The six MTD consultation papers which were released in August 2016, focused on small unincorporated businesses and only mentioned VAT as a side issue. The full ramifications of end-to-end digital reporting for VAT have not been fully explained to, or discussed by, the businesses which will be affected.
Eight tax changes
I have briefly described below the issues at the core of each of these policy changes, further detail and how to respond can be found in the policy documents.
If you have views on any of these policy areas, do respond to HMRC, or send your comments to your professional body who will make representations on your behalf. The changes in the area of partnership taxation will be of particular interest to the larger accountancy firms.
Termination payments
The rules on termination payments are to be tightened up with effect from 6 April 2018, in particular the £30,000 cap will apply to NIC as well as for income tax.
The draft law for the revised termination payments exemptions is published as clause 5 of the second Finance Bill 2017 (which will become F(no.2)A 2017).
But its seems the legislation drafter needed a bite at restricting termination pay exemptions. The unlimited relief for foreign service is to be removed from 6 April 2018, although it will be retained for seafarers.
Disguised remuneration
The new tax charge (loan charge) on contractors loans, which are not fully repaid by 5 April 2019, is introduced by the second Fi Bill 2017, Sch 11. But this policy paper announces changes to that law, which in general strengthen HMRC’s hand against the taxpayer. The changes include:
- A new close company 'gateway' to the tax charge to catch the owners of close companies, to ensure the tax charge doesn’t rest on the company which may then be liquidated.
- Genuine commercial arrangements which don’t have a tax avoidance purpose will not be caught by the loan charge.
- Where the loan could be caught by the loan charge and also by corporation tax charge for loans to participators in close companies, only the loan charge will apply.

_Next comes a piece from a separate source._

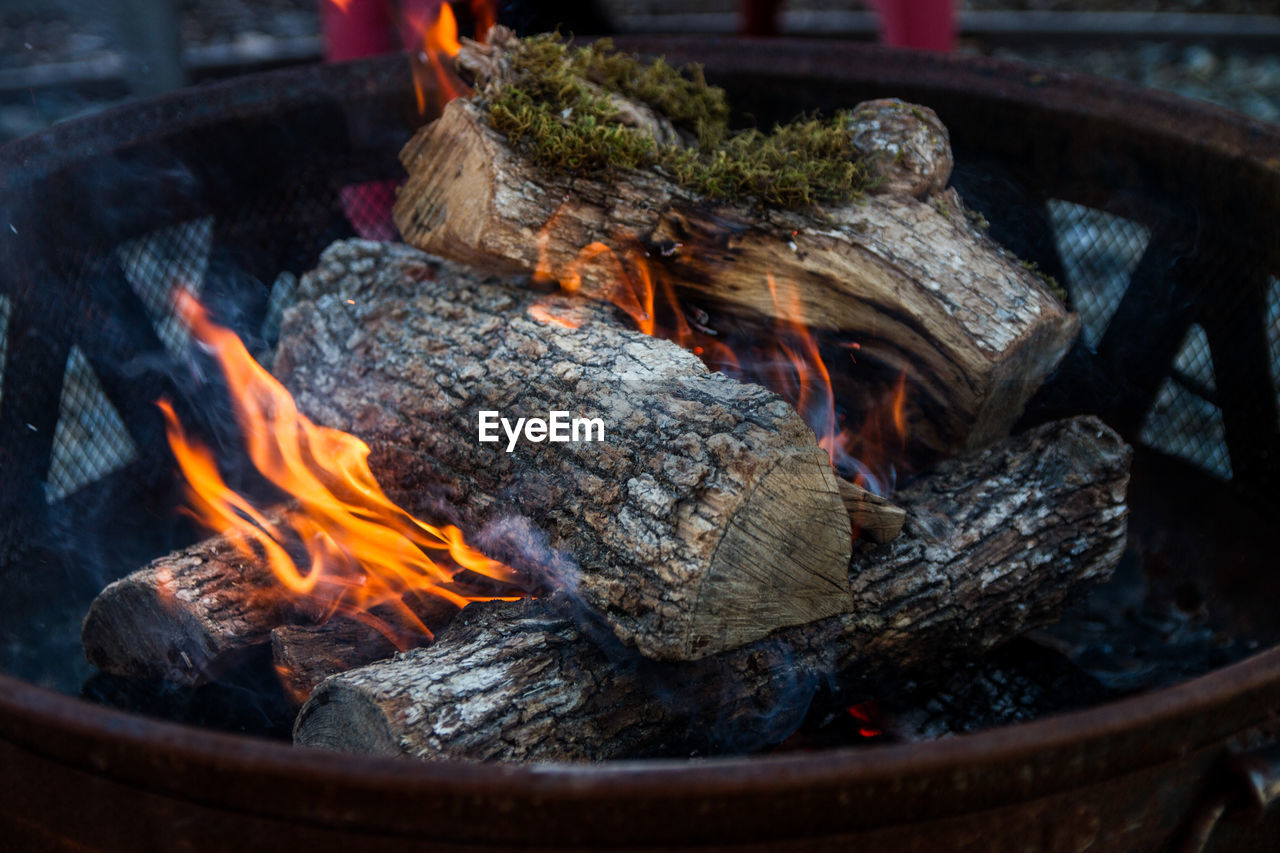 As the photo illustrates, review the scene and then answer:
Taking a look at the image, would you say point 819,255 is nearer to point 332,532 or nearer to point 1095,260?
point 332,532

- Requirements for the taxpayer and others to provide information to HMRC for the purposes of calculating the loan charge.
Partnership taxation
This is policy change is presented as a clarification of the tax treatment of partners, including partners who are themselves trustees or other partnerships. The main change is that partnership profits will have to be allocated for tax purposes in the same ratio as the commercial profits. Also, a new dispute mechanism will be introduced to resolve disagreements about the allocation of taxable profits between partners, which was the issue at the heart of Morgan & Self v HMRC (TC00046).